Los estudiosos de la política no tenemos las cosas fáciles en la España de nuestros días. Como en cualquier otra actividad académica, cultivar la ciencia de la política significa empeñarse en clarificar los conceptos, precisar las ideas y ofrecer esos conocimientos a una ciudadanía no siempre bien informada ni enteramente consciente de sus derechos y sus obligaciones. Una ciudadanía confundida en muchas ocasiones -y engañada en otras- por la nefasta influencia de medios de comunicación y periodistas sectarios, que intoxican a la opinión pública porque son aparatos de agitación y propaganda ideológica; de políticos ignorantes, sectarios e irresponsables; de economistas y politólogos cuyo sectarismo supera a sus conocimientos, y hasta de gente sin preparación, de tertulianos y falsos expertos, que contribuyen aún más a esta ceremonia de la confusión con sus delirantes análisis. Los ciudadanos son bombardeados con etiquetas tales como “Estado de Derecho”, “democracia” o “justicia”, comparan esas etiquetas con las noticias escandalosas que les llegan de corrupciones públicas, notorias prevaricaciones, tráfico de influencias, injusticias clamorosas y sentencias disparatadas de jueces partidistas, y llegan a no entender nada. Y, como mal menor, a desinteresarse definitivamente de una actividad política en la que parece existir un abismo insalvable entre el ser y el deber ser, entre lo que se dice y lo que se hace.

Una de las consecuencias de la situación es ese alejamiento ciudadano de la participación política. Pues bien, los mayores y más directos responsables de que eso suceda son los propios políticos, los integrantes de la clase política. Porque, a diferencia de lo que ocurre en otras actividades científicas, mientras los estudiosos de la política intentamos clarificar los conceptos y precisar las ideas, los políticos hacen precisamente todo lo contrario. En su búsqueda de los votos a cualquier precio, los políticos y los partidos sacrifican su coherencia intelectual, y hasta sus conocimientos, a la perversa lógica de su enfrentamiento. ¿Cómo vamos a pretender que los ciudadanos respeten las instituciones democráticas y a los políticos, si ellos mismos no se respetan ni respetan las instituciones de las que forman parte, unas instituciones tan genuinamente democráticas y representativas de la democracia como son los Parlamentos, por ejemplo? Incluso en el fragor de las batallas políticas, los políticos tienen la obligación de ser particularmente rigurosos con el lenguaje que utilizan. Y tienen esa obligación porque corren el riesgo de enviar mensajes destructivos y desmoralizadores a unos ciudadanos a punto de ser destruidos y ya de por sí muy desmoralizados.

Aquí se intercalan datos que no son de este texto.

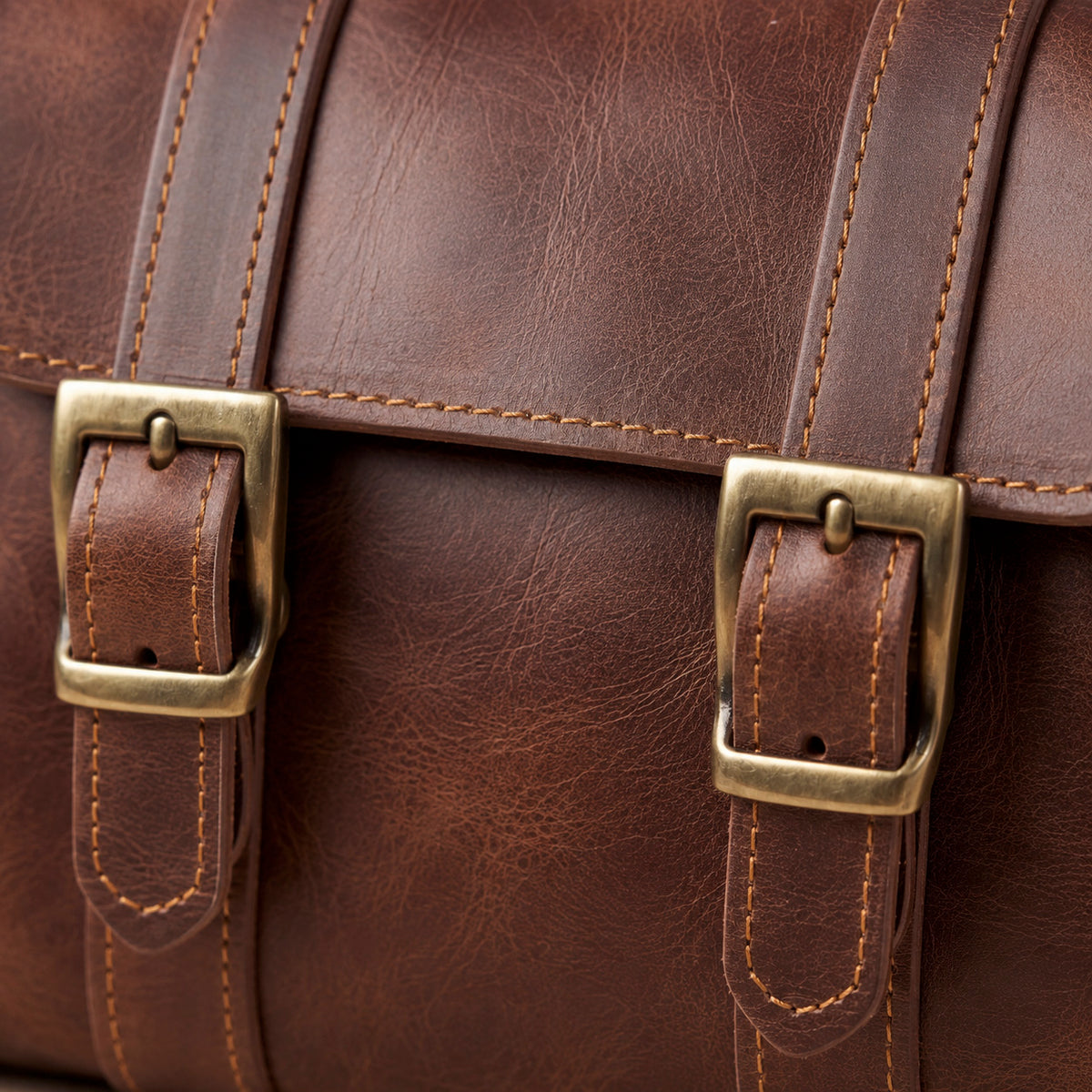 Close-up of Velora Ellis showing the twin brass-toned buckle closures, stitched leather straps, flap construction, and leather grain.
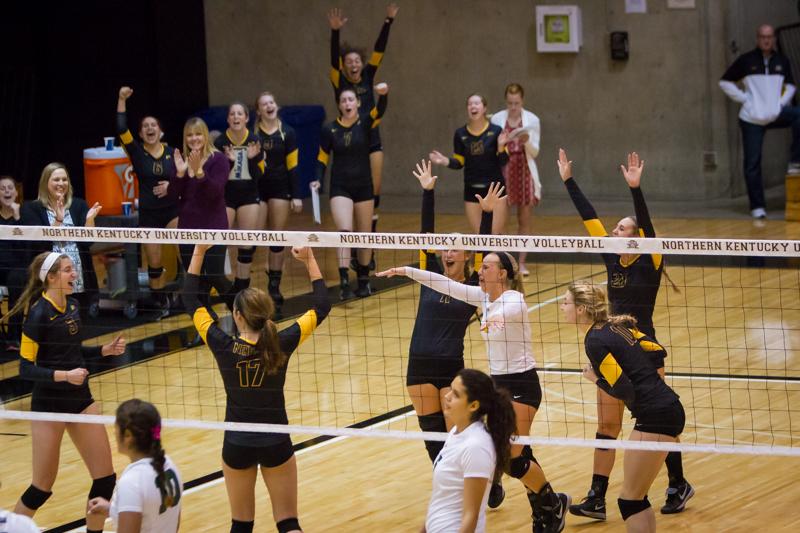 NKU volleyball celebrates their win against Jacksonville. NKU defeated Jacksonville 3-0 on Friday, Oct. 11, 2014 at Regents Hall.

Los políticos no tienen obligación de ser estudiosos de la política; las dos actividades, incluso, pueden llegar a ser intelectualmente incompatibles. Pero los políticos -y los que juegan a serlo- sí están obligados a tener sentido común y, sobre todo, a responder de su ignorancia, su sectarismo y su irresponsabilidad ante las sociedades cuyo futuro comprometen con sus acciones. Tampoco los insectos saben entomología; bastante tienen con ser insectos y comportarse como tales. Algunos, sin embargo, destruyen impunemente los libros de entomología. Igual que hacen algunos políticos con los libros de política.